Material for the task START
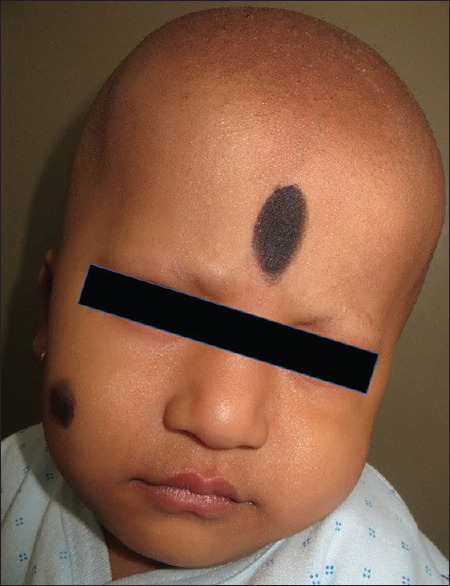 Rare Association of Congenital Atrichia with Central Nervous System: A Report of Three Cases.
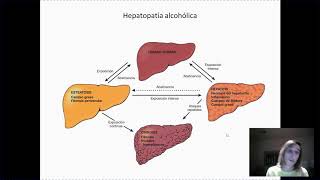 Hepatopatía alcohólica [upl. by Raskin]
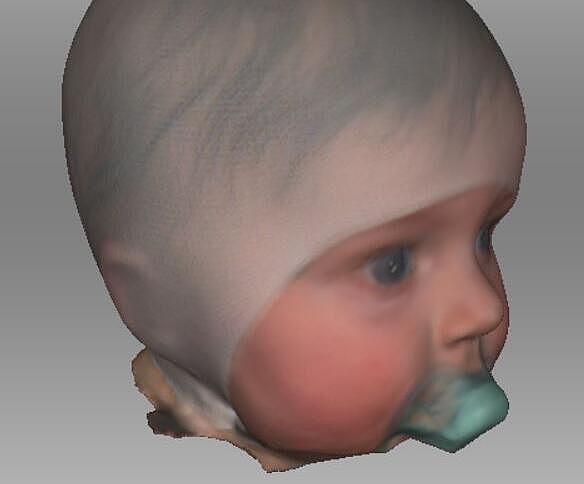 3D-Scan eines Säuglingkopfs Kopf-Scans in 3D eines Säuglings
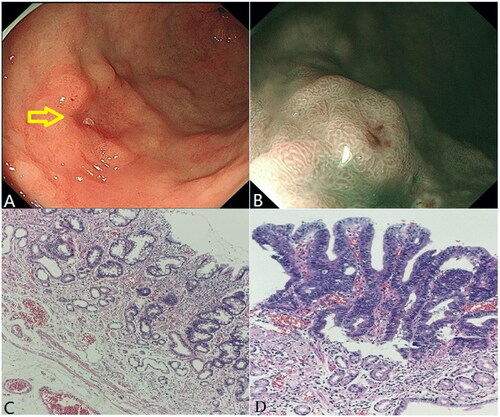 Figure 2. Well-differentiated adenocarcinoma after Helicobacter pylori eradication of a middle-aged male patient. (A) White light endoscopy image. The yellow arrow indicates the lesion location. (B) NBI image. (C) Normal gastric mucosa surrounding the tumor (HE,×100). (D) Well-differentiated adenocarcinoma area (HE, ×400).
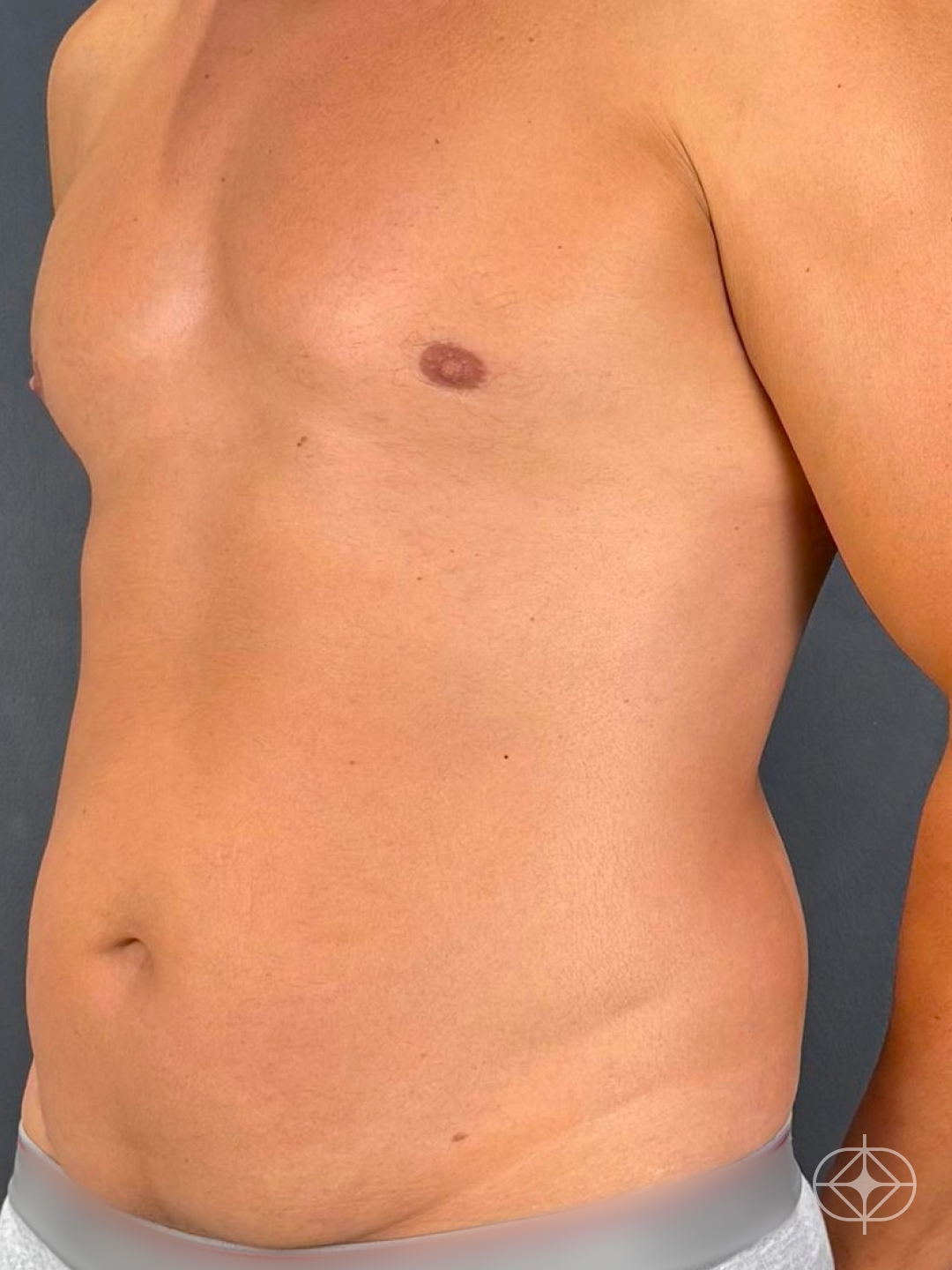 Foto antes de Lipoaspiração / Lipo HD realizado por Dr. Luis Fernando Bacarin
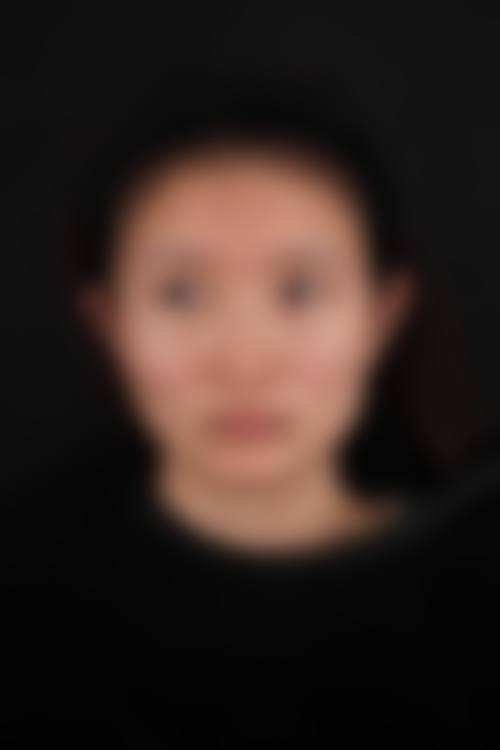 二、Kalon美容诊所怎么样?
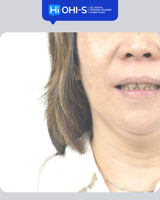 International Schools Working with Composite Restorations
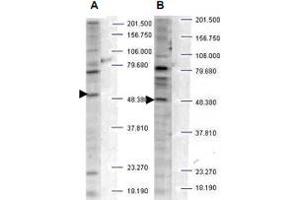 Western blot analysis is shown using SH3BP2 (phospho S427) polyclonal antibody  to detect endogenous protein present in unstimulated human whole cell lysates. (SH3BP2 Antikörper  (pSer427))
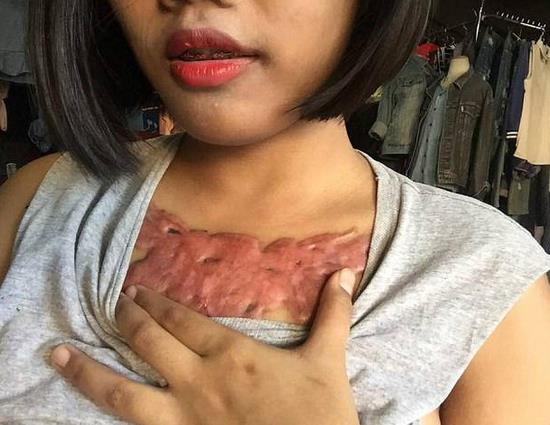 女大学生除胸前纹身被坑：不料留下触目惊心的疤痕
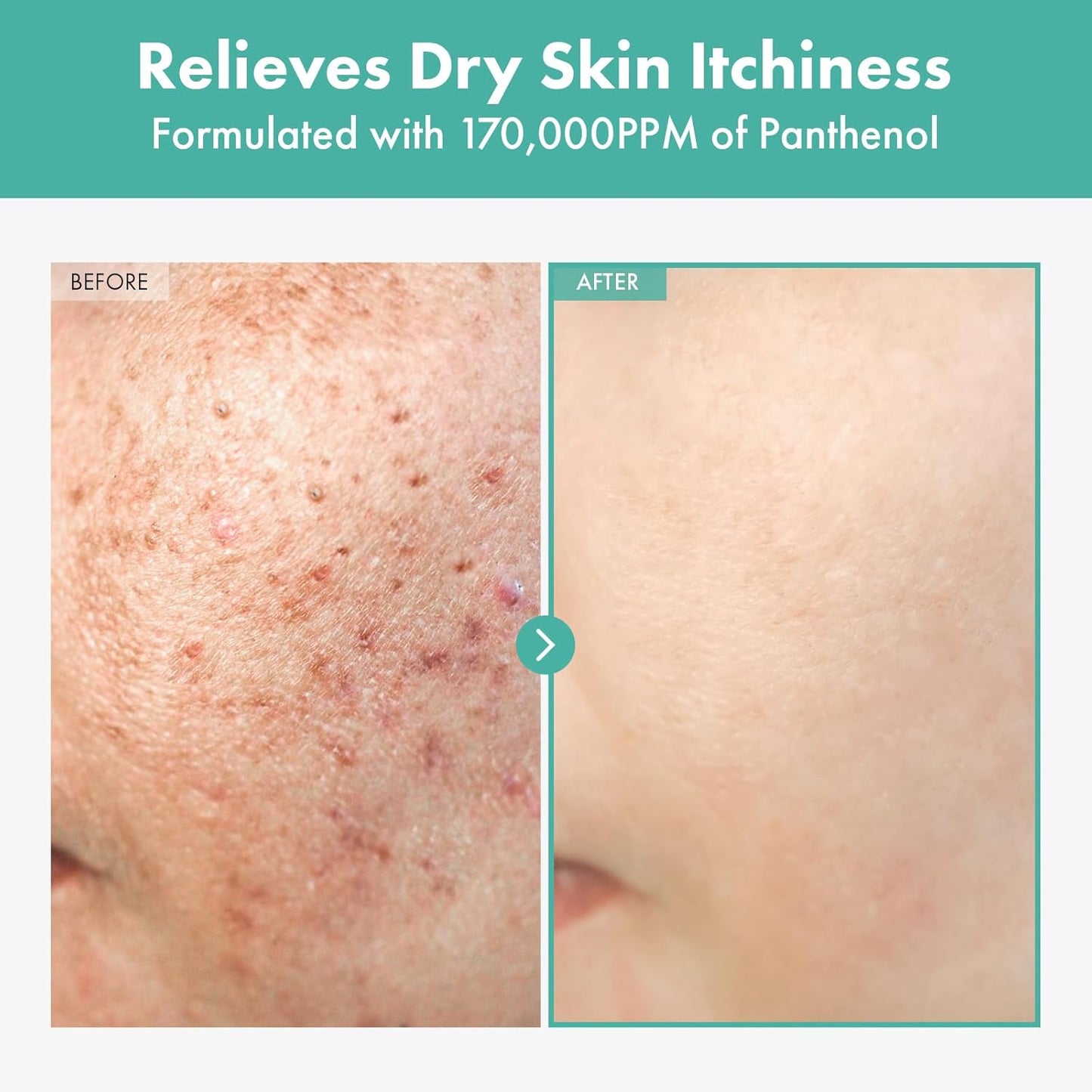 TOSOWOONG Dexpanthenol Cream, 170,000ppm B5 Panthenol, Madecassoside, Centella Asiatica for Skin Barrier Repair, Facial Moisturizer, Soothing, Hydrating, Korean Skincare, 60ml, 2.02 fl. oz.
Material for the task END
The reply needs to repeat exactly the line containing "女大学生除胸前纹身被坑：不料留下触目惊心的疤痕" and each line after it, through the final line of the entries above, and to skip the pictures.

Output:
 女大学生除胸前纹身被坑：不料留下触目惊心的疤痕
 TOSOWOONG Dexpanthenol Cream, 170,000ppm B5 Panthenol, Madecassoside, Centella Asiatica for Skin Barrier Repair, Facial Moisturizer, Soothing, Hydrating, Korean Skincare, 60ml, 2.02 fl. oz.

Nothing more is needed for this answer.